Before I get into today’s bit of canonical jurisprudential fun (I know you are just chomping at the bit), I have a bit of a non sequitur of sorts. I also want to thank you all for the prayers for my special intention. Keep them coming!
I just spent the last six or seven hours typing in address information for my job with “Living Stations.” It reminded me of my time at SJA when I would be given a large assignment that involved setting up a database (one that sticks out is the database of all the funerals that ever occurred at the parish since its founding in 1927), I would go a bit stir crazy. After a while, I would have to get up and do something. Today, I took a lunch break while watching the Tiger game. I used to go on a walk to the water cooler or make a five second visit to the Lord in the chapel.
Well, after my break today, I went in full throttle (I had to have done at least two hundred) until a little while ago. I got up and decided I needed to do something. Something that involved getting up and moving around.
I cleaned my mother’s granite countertops with my signature vinegar water cocktail that cleans, shines, and deodorizes even the most stubbornly stained surface naturally. I used to use store bought stuff but it never cut it and granite polish is redonkulously priced for what you get. And it reeked like sin. If Imma smell from cleaning, Imma smell like salad!
Oh, and my hearing has been in the crapper lately. I can’t hear a thing. At least hardly. Right now, I am listening to my podcasts with the volume up rather high just to get it to sound normal. No doubt when other come into the room, I will be told to turn it down. Hopefully it will come back tomorrow or later today. Going out tonight for pizza. Tee hee hee. 🙂
All right, let’s get back on topic, for once.
Now that we have covered the most important canon “The salvation of souls is the supreme law of the Church.” Let’s start at the beginning of the good ol’ Code. We’re going to “quickly” take on a couple canons here. The number of canons I cover in a post depend on two things: the depth of the content (some of this stuff gets really in-depth) and the amount of time I have on hand.
The canons of this Code regard only the Latin Church.
This very first canon is one of the many parameters that are set up in the Code to describe and outline just who, what, where, when, and how the Code is to be applied. In this first canon, it states that this Code pertains only to the affairs of the Latin Rite Church. Holy Mother Church is made up of twenty-two sui iuris, that is autonomous churches (aka rites) that while they possess their own hierarchy, traditions, and disciplines and while being “juridically distinct” are still united under the Bishop of Rome (aka the Pope). These non-Latin Rite churches (aka Eastern Catholics) have their own book like the Latin Code known as the Code of Canons of the Eastern Churches and that code dictates things in the way the Code of Canon Law (CIC) applies to the Latin Church.

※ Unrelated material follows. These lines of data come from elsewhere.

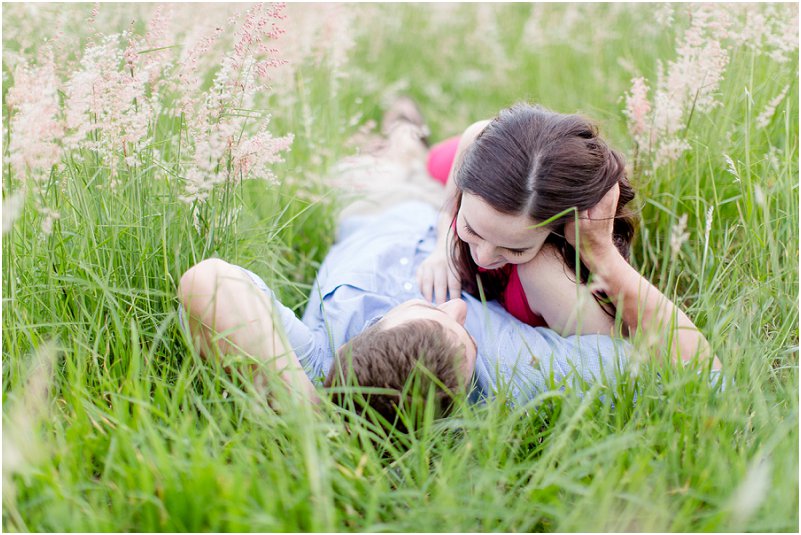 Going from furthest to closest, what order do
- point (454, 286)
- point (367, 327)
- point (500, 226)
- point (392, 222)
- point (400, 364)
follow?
point (392, 222), point (454, 286), point (367, 327), point (500, 226), point (400, 364)

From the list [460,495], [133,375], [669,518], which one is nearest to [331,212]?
[133,375]

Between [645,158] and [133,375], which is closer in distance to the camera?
[133,375]

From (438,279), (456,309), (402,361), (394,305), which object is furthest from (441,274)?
(402,361)

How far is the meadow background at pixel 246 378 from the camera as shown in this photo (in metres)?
1.58

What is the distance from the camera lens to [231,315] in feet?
6.42

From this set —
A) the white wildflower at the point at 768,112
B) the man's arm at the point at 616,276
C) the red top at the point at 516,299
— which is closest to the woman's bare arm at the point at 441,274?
the red top at the point at 516,299

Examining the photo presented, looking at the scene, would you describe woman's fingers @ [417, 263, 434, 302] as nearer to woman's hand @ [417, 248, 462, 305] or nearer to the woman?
woman's hand @ [417, 248, 462, 305]

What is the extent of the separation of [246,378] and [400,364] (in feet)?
1.27

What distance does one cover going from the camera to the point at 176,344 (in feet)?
7.00

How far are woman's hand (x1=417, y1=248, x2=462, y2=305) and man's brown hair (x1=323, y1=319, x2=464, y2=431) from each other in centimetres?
55

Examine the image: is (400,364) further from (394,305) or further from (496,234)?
(394,305)

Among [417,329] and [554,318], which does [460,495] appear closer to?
[417,329]

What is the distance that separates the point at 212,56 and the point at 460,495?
96.5 inches

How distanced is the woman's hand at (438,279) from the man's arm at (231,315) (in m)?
0.68
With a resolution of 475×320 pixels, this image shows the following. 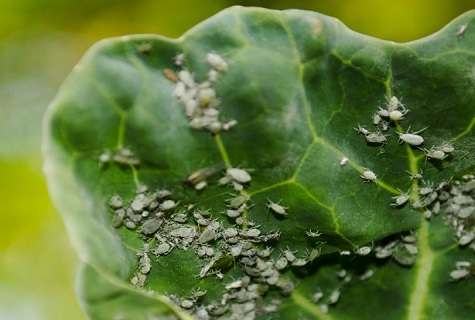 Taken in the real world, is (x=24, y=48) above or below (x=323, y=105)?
below

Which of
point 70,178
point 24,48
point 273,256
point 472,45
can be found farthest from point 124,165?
point 24,48

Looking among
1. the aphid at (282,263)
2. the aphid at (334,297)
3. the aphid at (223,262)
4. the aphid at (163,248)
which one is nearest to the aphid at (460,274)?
the aphid at (334,297)

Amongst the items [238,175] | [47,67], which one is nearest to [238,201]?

Canon 2: For the most part, the Code does not define the rites which must be observed in celebrating liturgical actions. Therefore, liturgical laws in force until now retain their force unless one of them is contrary to the canons of the Code.

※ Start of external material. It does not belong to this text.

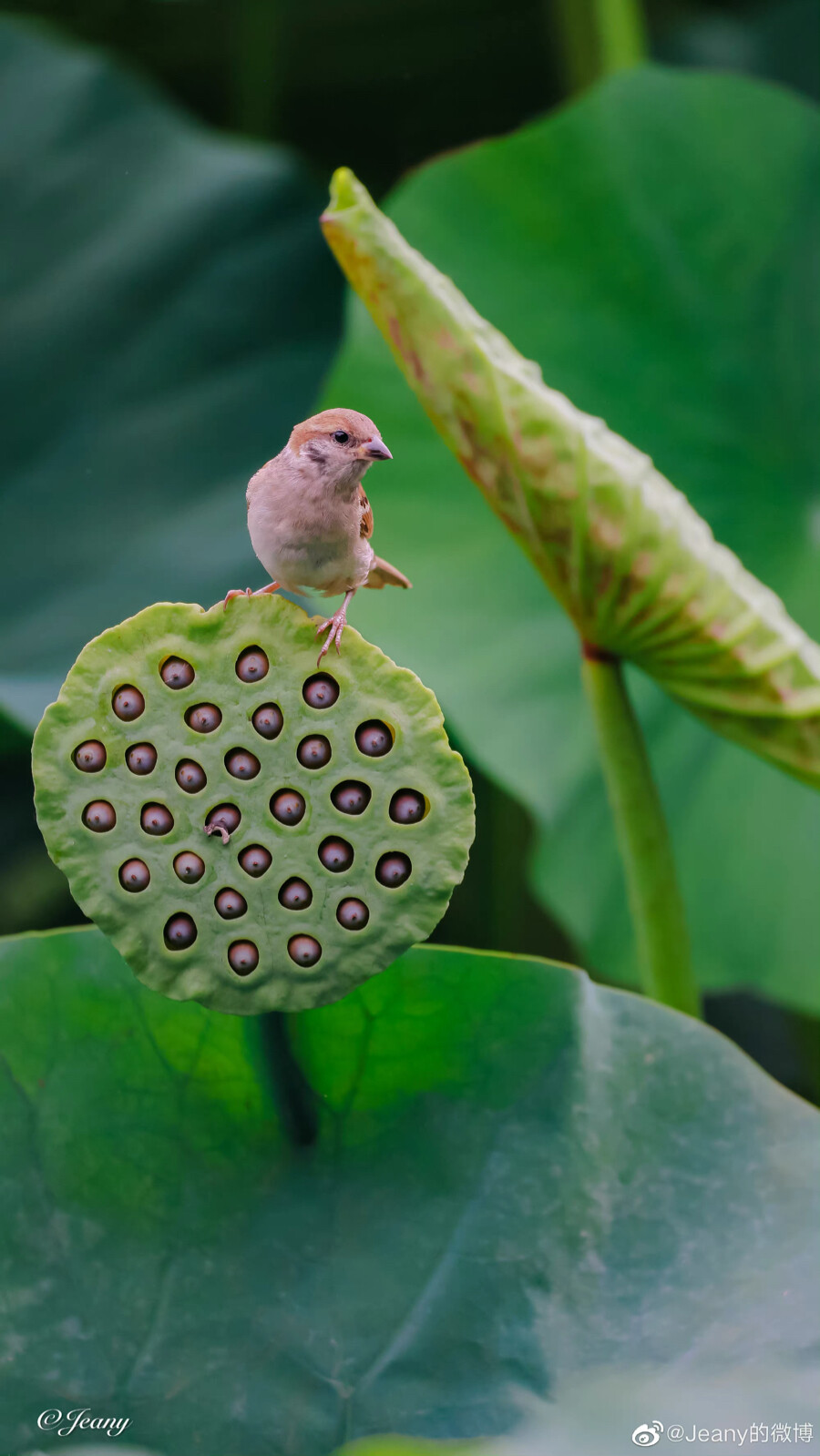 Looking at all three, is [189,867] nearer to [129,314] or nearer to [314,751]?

This states the obvious: Don’t go to the Code for liturgical norms in great detail. In saying “for the most part,” the writer/legislator “implies that there are canons of the code that do regulate the liturgy” as is found in Book IV of the CIC (Commentary 49-50). It is also implied that most laws that set liturgical standards are not found in the Code but rather in other official Church documents (such as documents from the Congregation for Divine Worship and the Discipline of the Sacraments) such as the liturgical books and the rites themselves (all of which contain an introduction and some other intro to other parts of the rites). It would be impossible to try to quantify the Church’s liturgical norms in the Code. In fact, she has another “body of ecclesiastical law” that is larger than the CIC, which is called the liturgical law (50).
Norms of the liturgy promulgated (released) before the CIC came out in 1983 are not affected by the Code unless they in some way run contrary to the canons (50). An interesting fact is that when the CIC was promulgated, “it was necessary to modify seventy-six norms of the liturgical books” in order to bring them “up to Code” (har har.) (50). In this regard, canon 2 is considered incomplete because “not only were the liturgical norms contrary to the Code abrogated (abolished), but also abrogated were the liturgical norms that were completely reordered by the Code in keeping with canon 6″ (50).
While, from a technical point of view, canon 2 is extraneous because the general rules of canon 6 are applicable to the liturgical norms. However, the
canon has a kind of pastoral and didactic value in that it alerts the canonist and the Christian community at large to the existence of another major and important body of ecclesiastical law apart from the Code (50).
Well, I figure this should be good for now.
Would you all like me to keep up with this? I would really like your feedback on this. I am open to writing about other things I am reading (two Ratzinger books on the Liturgy and the Eucharist and a book on the organic Development of the Liturgy). I think one of the Ratzinger books would be fun to look at. And it would break up the Canon Law fun. Variety is the spice of life.
I hope you all have a blessed evening!